# Déléguer fonction routeur d'une 9box à une Airport Extreme



## spiderben25 (27 Juin 2012)

Bonjour,
Je dispose actuellement d'une Neufbox V4 en zone non dégroupée. Je compte faire l'acquisition d'un routeur Airport Extreme dans la semaine pour diverses raisons (principalement pour la médiocre portée et le débit ridicule que j'ai avec la Neufbox, mais également pour placer tous les appareils de la maison derrière un VPN), mon but est de me servir de la Neufbox uniquement pour Internet et de tout déléguer le réseau à l'Airport Extreme.
J'ai tout d'abord pensé à passer simplement ma Neufbox en mode bridge, et de configurer l'Airport Extreme en PPPoE, mais d'après ce que j'ai vu sur Internet, si je fais ça, je n'ai plus de téléphonie, ce qui est très gênant...
Du coup je ne sais pas comment faire... On m'a parlé de placer l'Airport Extreme dans une DMZ et de créer un sous-réseau avec une adresse de type 192.168.2.x (alors que la Neufbox offre un réseau de type 192.168.1.x), est-ce que cette solution est bonne selon vous ? Quelle est la configuration à faire du côté de l'Airport Extreme ?
Ou alors il y a une meilleure solution dont je n'ai pas connaissance ?

Merci.


----------



## spiderben25 (27 Juin 2012)

Bon alors après de multiples recherches sur Internet, voici ce que je pense faire. Corrigez-moi si vous voyez quelque chose qui ne va pas.

Au niveau de la Neufbox :
- pour rappel son adresse IP locale est 192.168.1.1
- désactiver le wifi, le dhcp, le firewall, supprimer toutes les règles NAT
- attribuer pour l'adresse MAC de la future borne Airport Extreme l'adresse IP locale 192.168.1.2 en adresse statique (vu que le DHCP de la box est désactivé).
- activer le DMZ pour l'adresse 192.168.1.2, c'est-à-dire celle de la borne Airport Extreme. Ainsi tous les ports sont ouverts, vu que ce sera la borne Airport Extreme qui fera le pare-feu et les éventuelles redirections de ports.

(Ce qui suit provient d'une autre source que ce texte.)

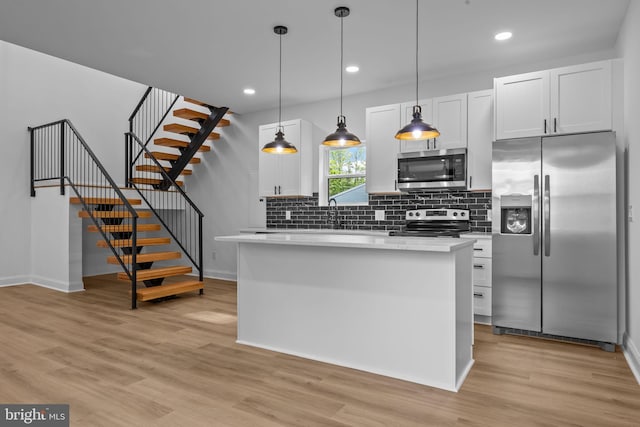 2564 Forrest Ave, Bensalem, PA 19020 - kitchen with appliances with stainless steel finishes, baseboards, backsplash, light wood finished floors, and recessed lighting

Ensuite je branche le port WAN de la borne Airport Extreme à un des ports Ethernet de la Neufbox, et je branche tous mes PC/switch/CPL sur les ports LAN de la borne Airport Extreme.
Puis je configure la borne Airport Extreme pour avoir comme adresse IP publique 192.168.1.2 (normalement elle va se mettre toute seule vu que sur la Neufbox j'ai attribué cette IP fixe à l'adresse MAC de la borne Airport Extreme), et comme IP locale 192.168.2.1 (j'aurais pu choisir n'importe quoi d'autre tant que c'est pas la même classe que la neufbox). J'active ensuite le DHCP etc etc, et tous les appareils connectés auront une adresse de type 192.168.2.x.
Par contre juste une question, j'ai vu des captures d'écran de l'utilitaire Airport, et 3 modes sont proposés :
1) Mode bridge. Ca ne m'intéresse pas, je veux que ce soit la borne qui s'occupe du DHCP et du firewall
2) Partager une adresse IP Publique
3) Distribuer une plage d'adresses IP fixes.

J'ai du mal à voir la distinction entre les 2 et 3. D'après ce que j'ai compris c'est la 2) que je dois choisir, l'adresse IP publique étant 192.168.1.2, que la borne Airport va partager en créant un sous-réseau d'adresses 192.168.2.x ?
Et la 3) n'a rien à voir avec mon cas, mais est pour les FAI (notamment aux USA) qui fournissent plusieurs adresses IP fixes publiques par abonnement, et du coup la borne se charge juste de les distribuer c'est ça ?


----------



## spiderben25 (28 Juin 2012)

Bon, j'ai réussi à tout faire marcher, tant mieux. Par contre j'ai un message Double NAT qui s'affiche mais à priori ce n'est pas grave.
Par contre, quelqu'un sait-il comment accéder au disque branché sur le port USB de l'Airport Extreme depuis Internet ? Ca marche sans problème depuis le réseau local, mais si j'essaye de me connecter à mon adresse IP publique, rien. Il y a des ports à faire suivre ?
Je précise que l'Airport Extreme est dans la DMZ de ma neufbox, et que l'option pour accéder aux disques depuis WAN est activé.


----------



## Polo35230 (29 Juin 2012)

Bonjour,

Quand ça marche, c'est bien...

Si on part du principe que vous voulez deux routeurs sur votre lan, créer deux réseaux locaux sur deux plans IP différents (un entre le port wan de l'AE et la box, et l'autre côté Lan et wifi de l'AE) est bien la meilleure solution.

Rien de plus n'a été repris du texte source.